### Problem
Write out, word for word and with no pictures, each line below from the one containing "The battery has" through the one containing "We're going to take", both included, and no other line.

### Entries provided
•••
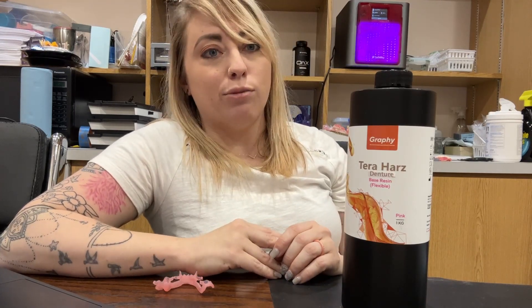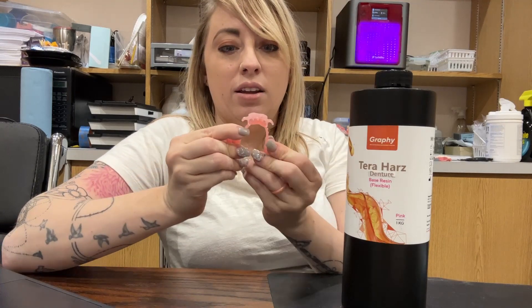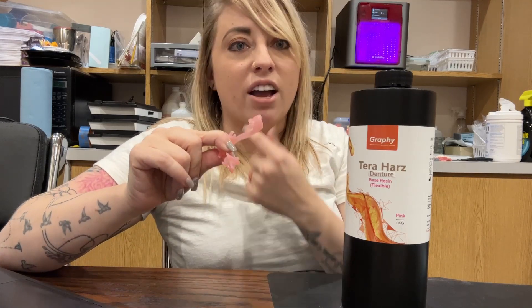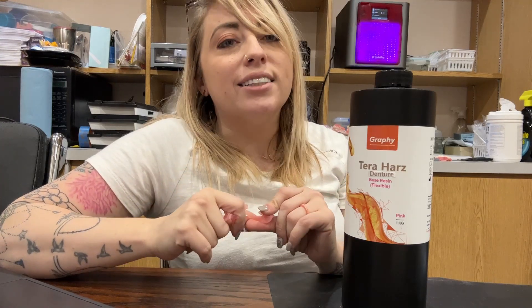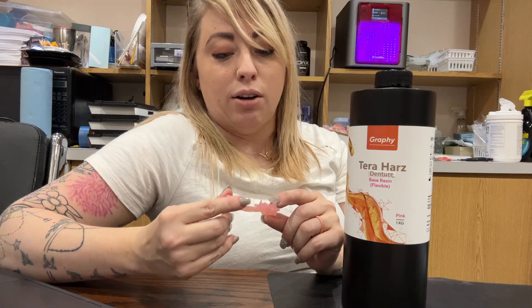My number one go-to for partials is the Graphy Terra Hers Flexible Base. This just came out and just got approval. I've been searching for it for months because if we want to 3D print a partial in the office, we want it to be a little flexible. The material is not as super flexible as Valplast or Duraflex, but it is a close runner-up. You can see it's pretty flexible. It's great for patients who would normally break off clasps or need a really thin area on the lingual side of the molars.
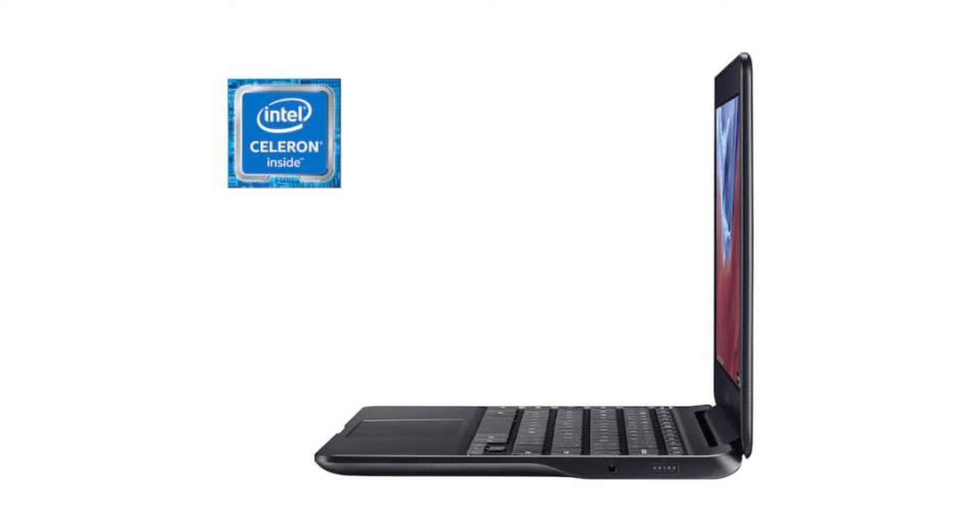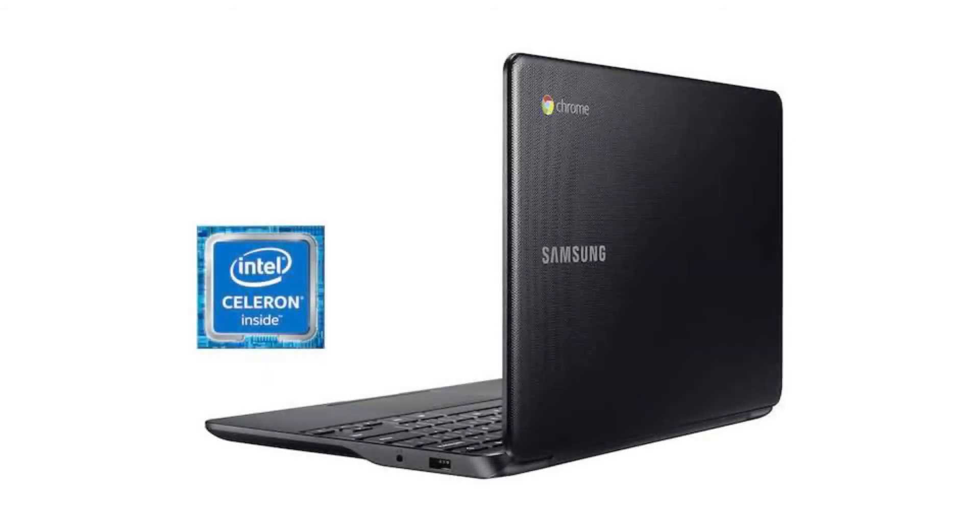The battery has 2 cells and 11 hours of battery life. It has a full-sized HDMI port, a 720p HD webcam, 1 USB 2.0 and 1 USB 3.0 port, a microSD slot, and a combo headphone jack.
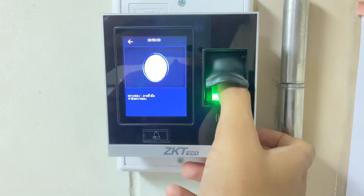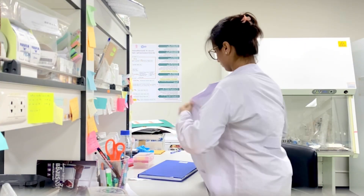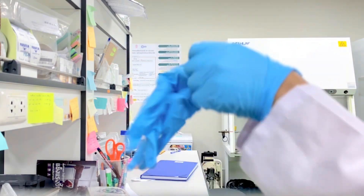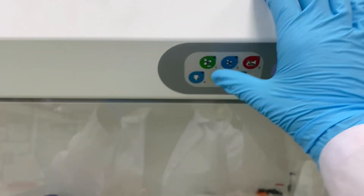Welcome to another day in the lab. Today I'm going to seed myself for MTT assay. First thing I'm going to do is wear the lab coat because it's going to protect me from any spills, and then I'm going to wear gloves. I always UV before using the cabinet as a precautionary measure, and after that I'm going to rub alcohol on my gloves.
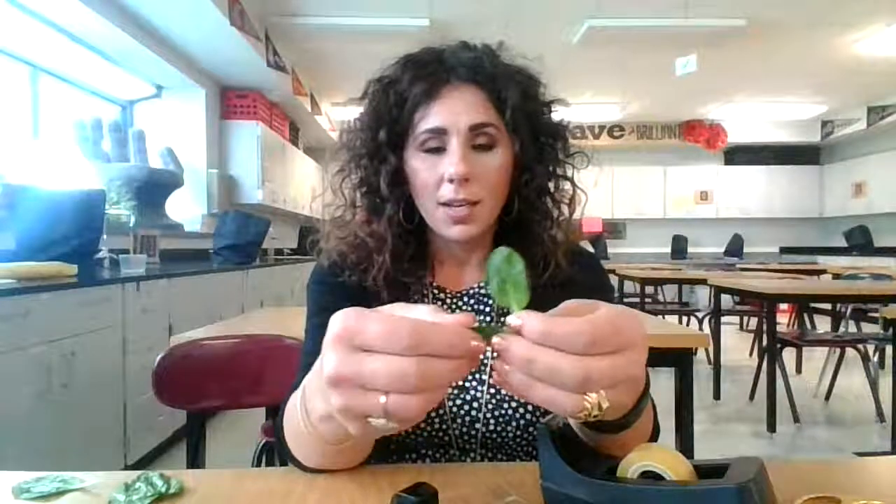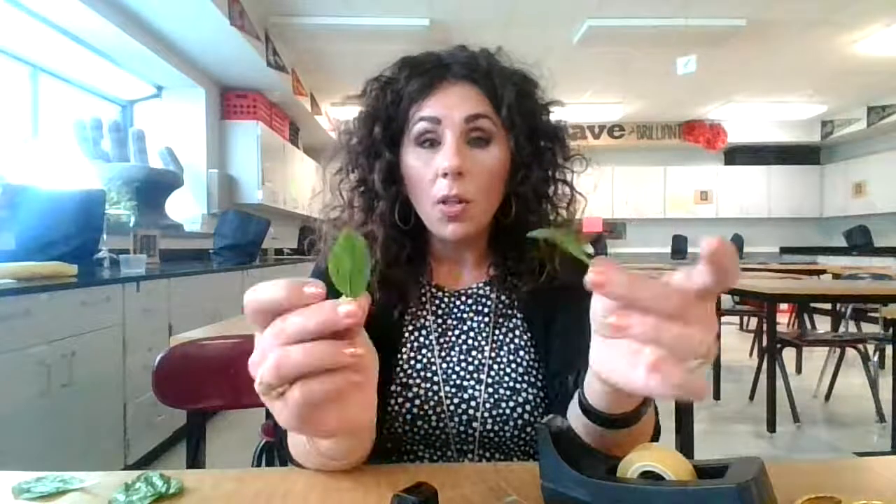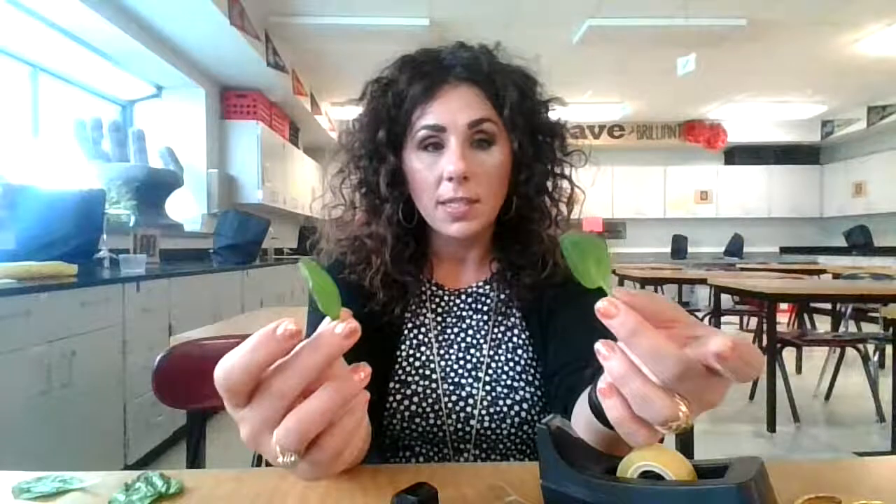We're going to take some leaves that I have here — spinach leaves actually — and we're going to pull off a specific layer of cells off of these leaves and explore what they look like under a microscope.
•••
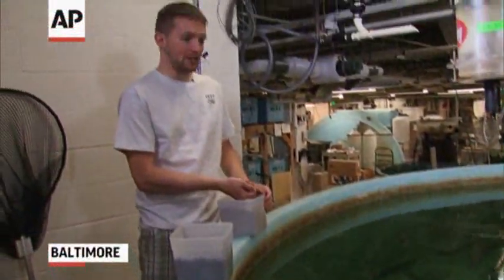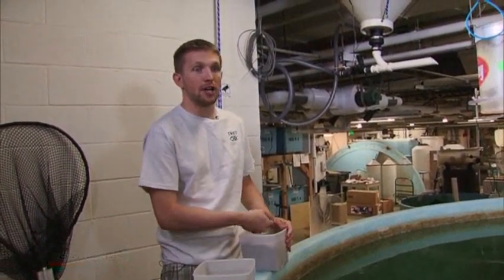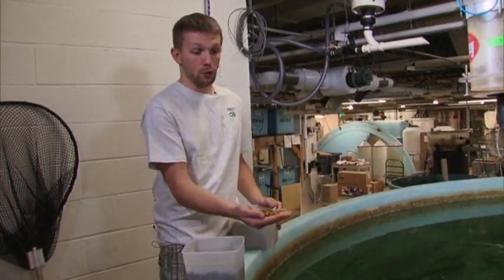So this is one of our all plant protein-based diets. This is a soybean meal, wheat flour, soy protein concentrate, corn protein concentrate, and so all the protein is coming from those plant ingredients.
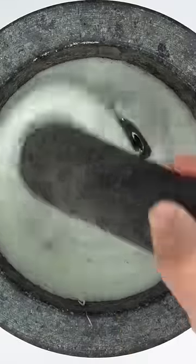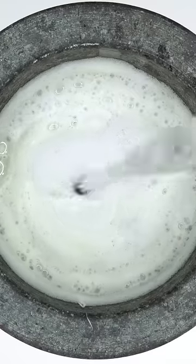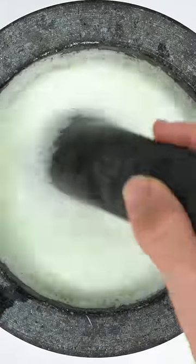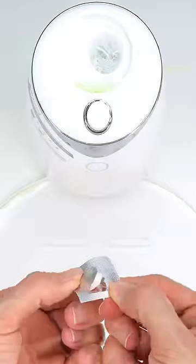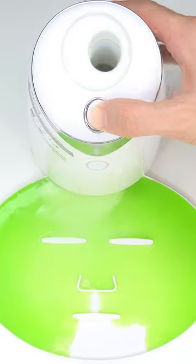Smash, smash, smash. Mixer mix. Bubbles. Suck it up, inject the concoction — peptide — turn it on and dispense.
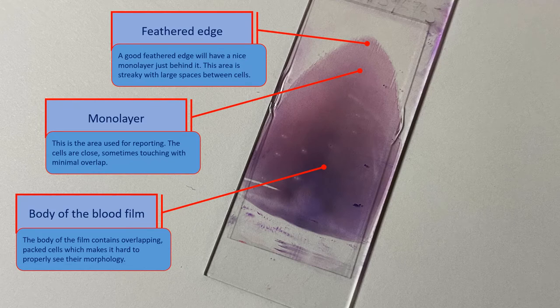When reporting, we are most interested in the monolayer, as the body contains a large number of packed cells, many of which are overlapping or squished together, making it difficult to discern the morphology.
•••
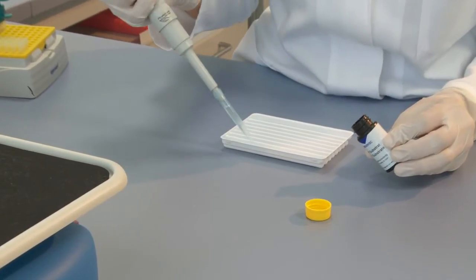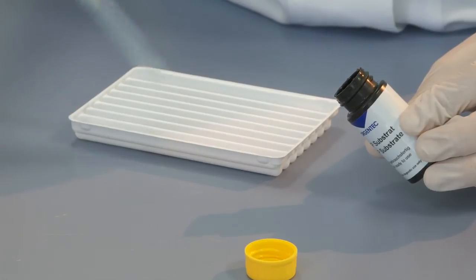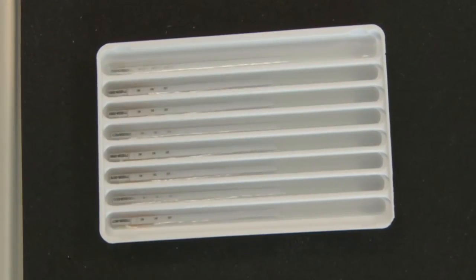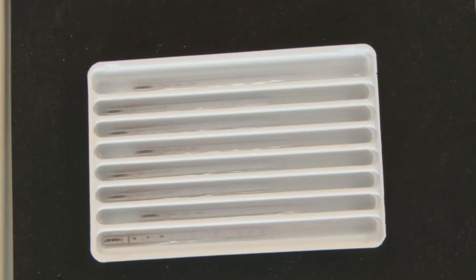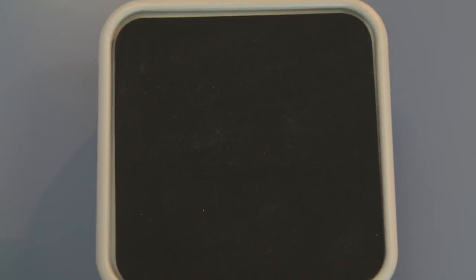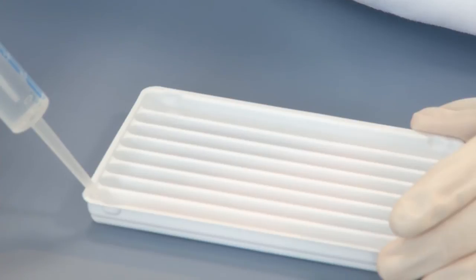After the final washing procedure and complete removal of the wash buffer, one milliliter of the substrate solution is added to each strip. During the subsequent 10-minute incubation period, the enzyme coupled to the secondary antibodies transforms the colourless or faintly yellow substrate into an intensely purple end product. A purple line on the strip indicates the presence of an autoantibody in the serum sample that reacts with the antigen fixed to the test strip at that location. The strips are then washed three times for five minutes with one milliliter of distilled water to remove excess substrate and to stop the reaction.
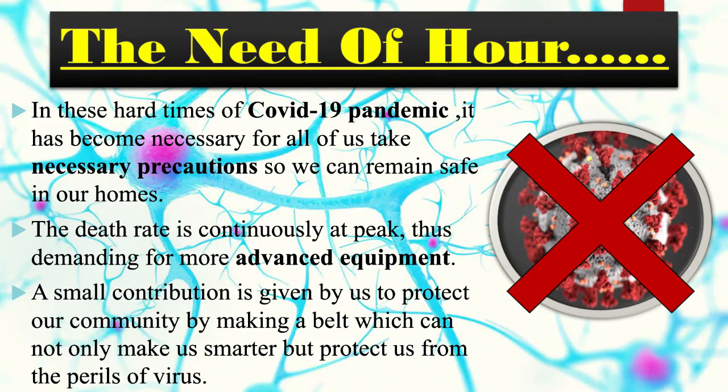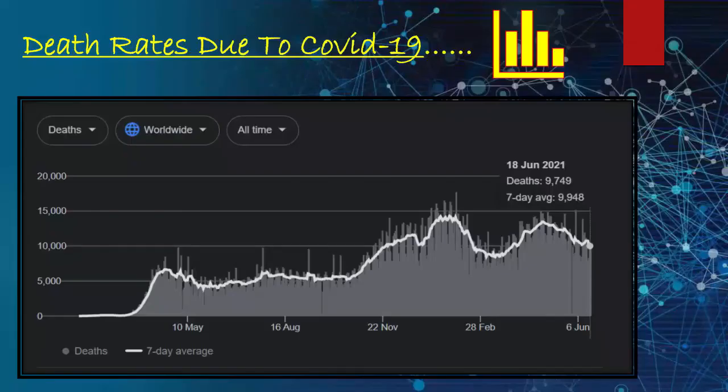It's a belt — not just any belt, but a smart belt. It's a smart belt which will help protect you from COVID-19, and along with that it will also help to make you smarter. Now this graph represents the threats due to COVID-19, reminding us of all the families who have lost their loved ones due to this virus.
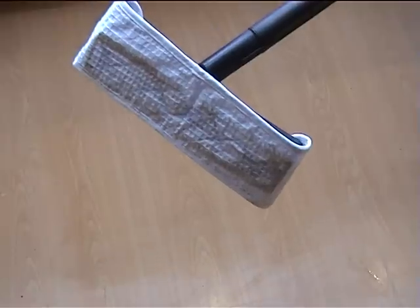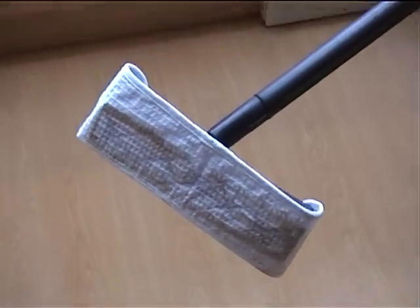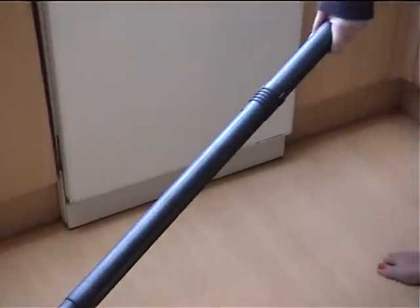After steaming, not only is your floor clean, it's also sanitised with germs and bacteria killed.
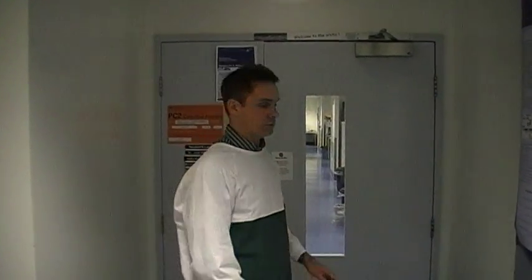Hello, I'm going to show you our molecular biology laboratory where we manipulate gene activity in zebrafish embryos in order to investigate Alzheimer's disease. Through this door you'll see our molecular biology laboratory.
•••
### Solution for this problem
The battery has 2 cells and 11 hours of battery life. It has a full-sized HDMI port, a 720p HD webcam, 1 USB 2.0 and 1 USB 3.0 port, a microSD slot, and a combo headphone jack.
Welcome to another day in the lab. Today I'm going to seed myself for MTT assay. First thing I'm going to do is wear the lab coat because it's going to protect me from any spills, and then I'm going to wear gloves. I always UV before using the cabinet as a precautionary measure, and after that I'm going to rub alcohol on my gloves.
We're going to take some leaves that I have here — spinach leaves actually — and we're going to pull off a specific layer of cells off of these leaves and explore what they look like under a microscope.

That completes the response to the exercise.